Singer/songwriter P. F. Sloan sings the falsetto part usually sung by Dean Torrence, while Dean sings one of the backup parts. This was the first time Sloan sang the falsetto on a single, although he had already sung some falsetto on the last album Dead Man’s Curve/The New Girl In School.

==Chart performance==

| Chart (1964) | Peak position |
|---|---|
| Australia (Kent Music Report) | 5 |
| Canada R.P.M. Top Forty-5s | 1 |
| New Zealand (Lever Hit Parade) | 5 |
| U.S. Billboard Hot 100 | 3 |
| U.S. Cash Box Top 100 | 5 |

==Revised "Tijuana" lyrics==
Jan & Dean reworked the lyrics from "The Little Old Lady (from Pasadena)" in 1967, renaming the track "Tijuana" and releasing it as a single that same year. The lyrics now contained thinly veiled references to marijuana use. "Tijuana" was to be included on the act's final album Carnival of Sound, completed in 1969, but the LP went unreleased for several decades. The record was circulated as a bootleg until it garnered official release in 2010.

==In popular culture==
During the 1960s, the phrase "little old lady from Pasadena" became a popular punchline for many comedians, particularly Johnny Carson, who often invoked it when he took The Tonight Show to Los Angeles before permanently moving it there in 1972.

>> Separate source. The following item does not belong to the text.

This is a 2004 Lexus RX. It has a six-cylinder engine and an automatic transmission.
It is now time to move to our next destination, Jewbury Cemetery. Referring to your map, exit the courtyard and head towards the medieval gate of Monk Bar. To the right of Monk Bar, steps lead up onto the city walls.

In "the Gunslinger", the last episode of The Dick Van Dyke Show to be filmed (though it was not the last aired), Rob dreams he is a sheriff in the Old West, where a gun salesman (Allan Melvin) tries to sell him a pistol, telling him "This gun was only fired once -- to kill a little old lady in Pasadena".

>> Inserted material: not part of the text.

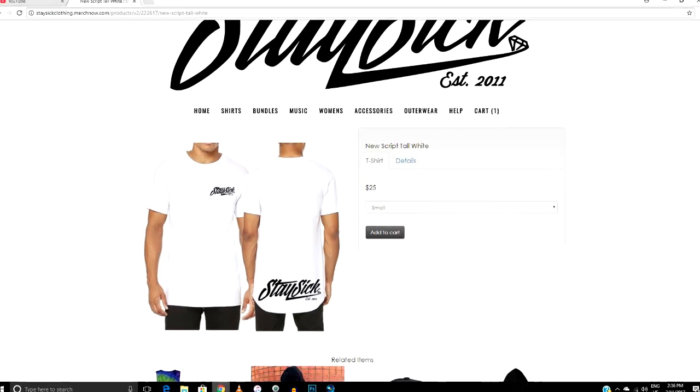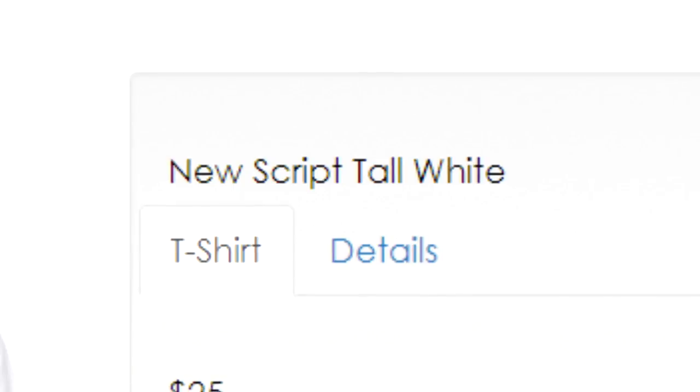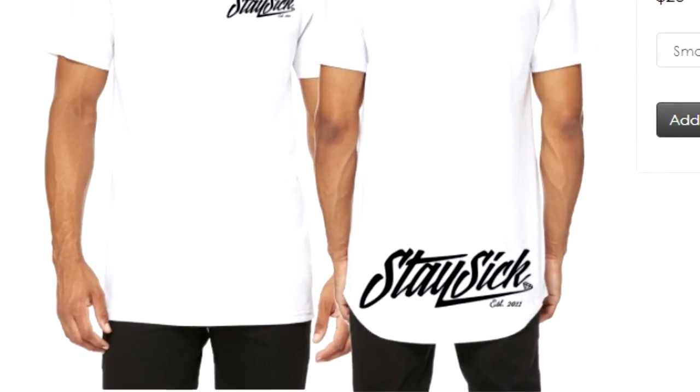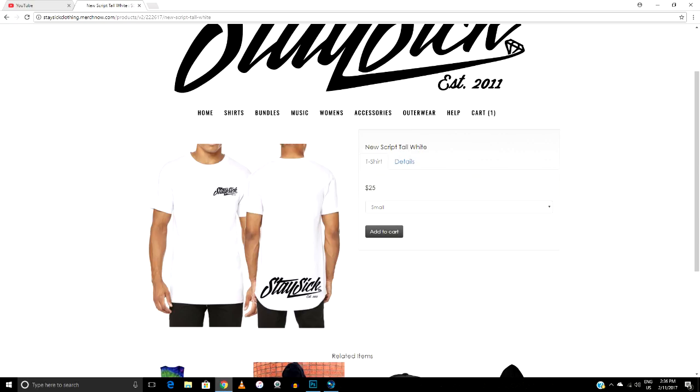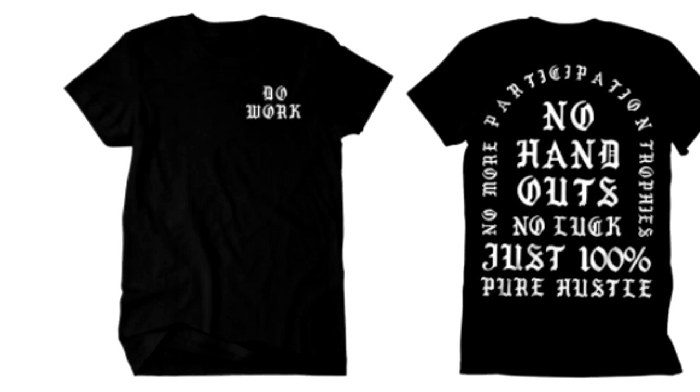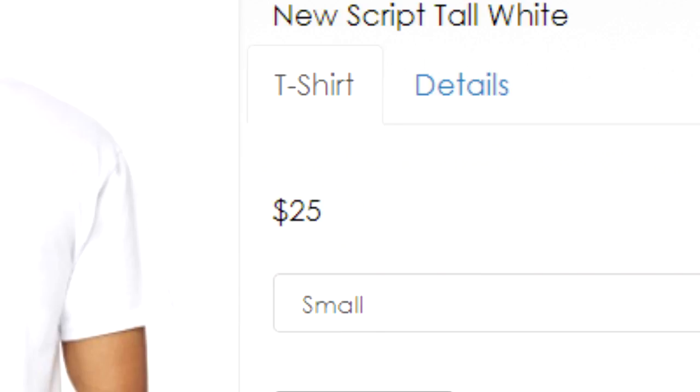As you can see here ladies and gentlemen, we got the Stasic NewScript tall white t-shirt. It's pretty much what you see right here — Stasic logo and the logo down the bottom. The reason I wanted to try this is because it's such a long shirt; I've never really owned a long shirt. When it comes to Stasic I'm more of the basic design kind of guy with the logo. So yeah, as you can see, 25 bucks — I picked it up for about 40 including shipping.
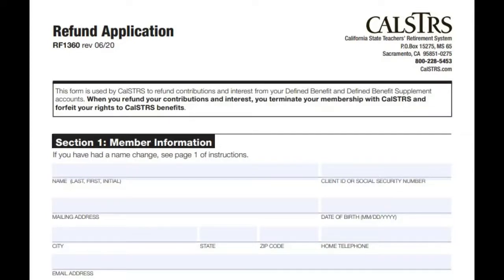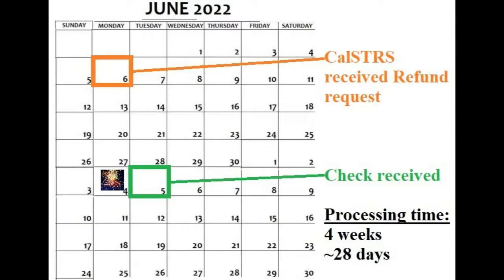Hello everyone. So how long did it take for CalSTRS to process the retirement refund request and how long did it take for me to actually receive the check? The long story short is it took four weeks, 28 days, from the time they received my request to the time I got the check.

The song was one of many California-related songs played throughout "Sunshine Plaza" in the original Disney California Adventure.

The Dead Kennedys satirized the concept in their own song "Buzzbomb from Pasadena," where an elderly driver likewise terrorizes the city with her driving before getting into a shootout with police at a 7-Eleven

The song is featured in the Animaniacs episode "Little Old Slappy from Pasadena", where Slappy Squirrel drives all over town to deliver a letter. The episode ends with her revealing that she never took driving lessons and being arrested.

The song is featured on the 1993 kids' surf-rock CD, "Camp California: Where The Music Never Ends;" it is performed by Kath Soucie, Nancy Cartwright, Jess Harnell, Hal Rayle and Susan Boyd.